When Letizia Marsili was six years old, she loved to climb anything in sight, from tree branches to light poles. One day while climbing a pole, she pierced her chest with a nail jutting out of the wood. Instead of screaming in pain, she simply pulled her flesh off the nail, and covered the bloody hole with her shirt. It wasn’t until her mother noticed the wound days later while giving her a bath that anyone realised she’d been hurt.
Marsili, now 52, says this was one of many times when she had an accident—like a bicycle fall or an ankle sprain—and didn’t react with pain. “I thought it was my character that was strong,” she says.
Actually, Marsili carries a mutation in one of her genes that leads to congenital hypoalgesia, or human pain insensitivity disorder. It’s a rare genetic condition that causes people to be unable to feel pain, and are often insensitive to other stimuli like heat or intense pressure. One of Marsili's colleagues, a pain researcher, first suspected Marsili might be insensitive to pain in 2000. Because the disorder is genetic, they found that five of Marsili’s family members have it too—her mother Mary, 78; her sister Maria Elena, 50; her children Ludovico and Bernardo, 24 and 21; and her niece Virginia, 17.
Together, the Marsilis provide a unique opportunity for scientists to uncover the genes that allow us to feel pain. In a new study published in Brain last year, a group of scientists announced they have found the specific mutation in the ZFHX2 gene in the Marsili family and, with it, a potential drug target for alternative pain treatments.
Painlessness usually runs in families, in people who are otherwise completely normal intellectually and mentally. They're able to feel touch, even very light touch, and pressure. They can feel the difference between hot and cold and, neurologically, they’re normal as well. But when it comes to pain, they just don’t feel it. Some cases are more severe than others, depending on which genetic mutation they carry. James Cox, a molecular biologist at University College London and lead author on the new study, says one family he worked with in the past also didn’t have a sense of smell.
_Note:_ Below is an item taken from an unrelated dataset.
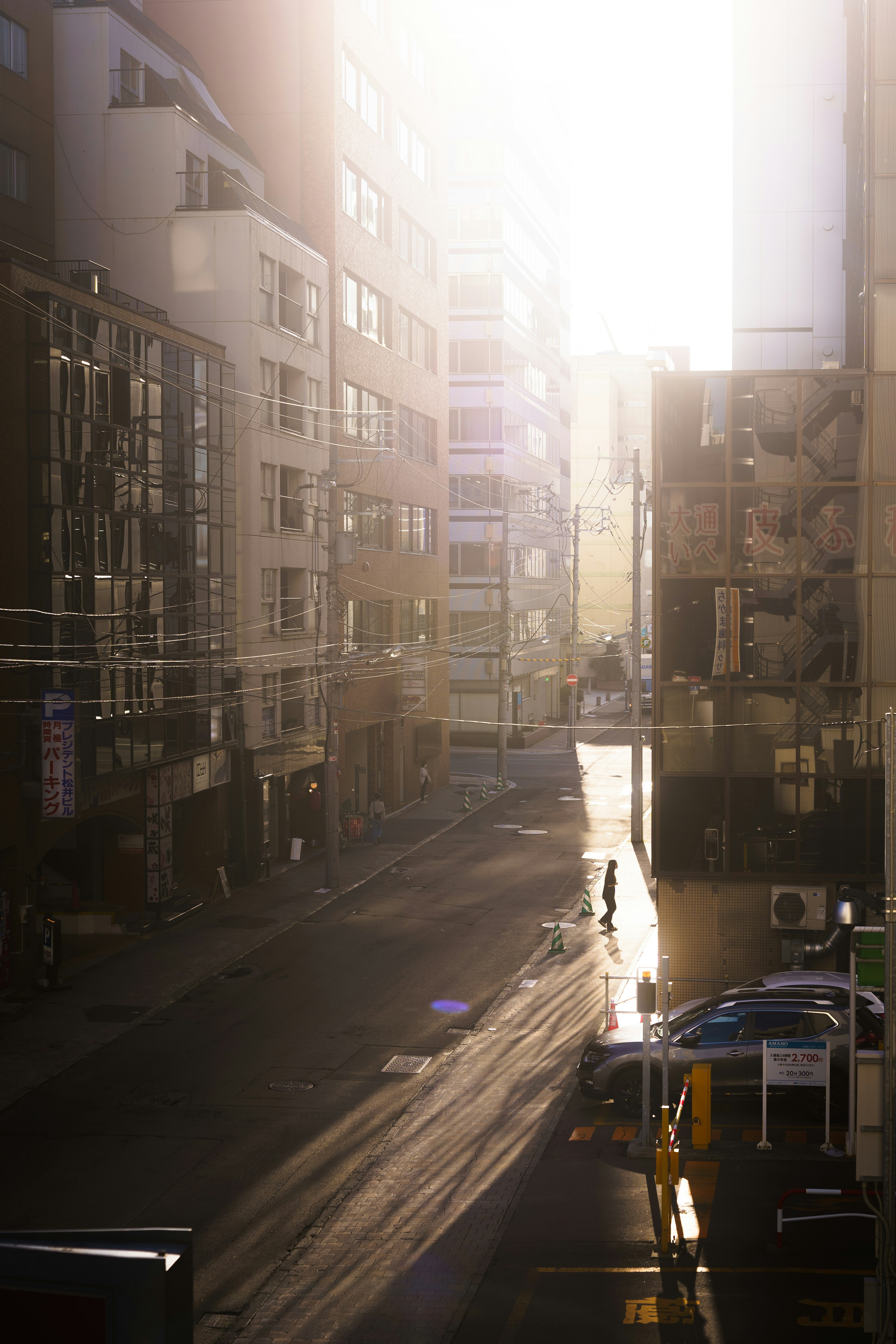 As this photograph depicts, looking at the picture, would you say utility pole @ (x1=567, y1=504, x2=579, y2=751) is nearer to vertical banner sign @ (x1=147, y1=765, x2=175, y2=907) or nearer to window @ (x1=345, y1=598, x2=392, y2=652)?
window @ (x1=345, y1=598, x2=392, y2=652)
The Marisili family can smell, and they do still have some pain sensing, it’s just dulled. Marsili says they aren’t bothered by spicy food, and since they’re very tolerant to heat, often aren’t as bundled in winter clothes when it’s cold. Marsili’s other family members have also had injuries they didn’t know about. Cox says that Marsili’s mother once fell and broke her ankle, and when they went to the doctor afterwards, her scans showed she had broken her ankle before. She had no idea. The same happened with Marsili’s son: doctors noticed calcification on his elbow, meaning he had broken it without realising.
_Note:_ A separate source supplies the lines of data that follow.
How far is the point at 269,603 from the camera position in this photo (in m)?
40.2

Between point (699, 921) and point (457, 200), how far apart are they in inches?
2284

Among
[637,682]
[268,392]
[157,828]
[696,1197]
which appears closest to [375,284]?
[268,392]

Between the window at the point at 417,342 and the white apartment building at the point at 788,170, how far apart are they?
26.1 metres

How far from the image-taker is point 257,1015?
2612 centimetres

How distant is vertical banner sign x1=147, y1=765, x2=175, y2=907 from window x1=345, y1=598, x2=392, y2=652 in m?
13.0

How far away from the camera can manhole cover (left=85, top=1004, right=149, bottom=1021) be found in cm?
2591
To find the gene that causes their pain insensitivity, Cox used exome sequencing—a type of genetic sequencing where you analyse only the genes that make something: either a protein or noncoding RNA. By analysing everyone in the family who has the condition, and comparing them to healthy controls from the general population, he found two mutated genes that the painless Marsilis had in common. It’s a painstaking process: he first took their blood samples back in 2010, and it took three tries to nail down the mutation. After finding the gene, he and his collaborator, sensory neurobiologist John Wood, used mice to show that the gene they found was involved in pain processing.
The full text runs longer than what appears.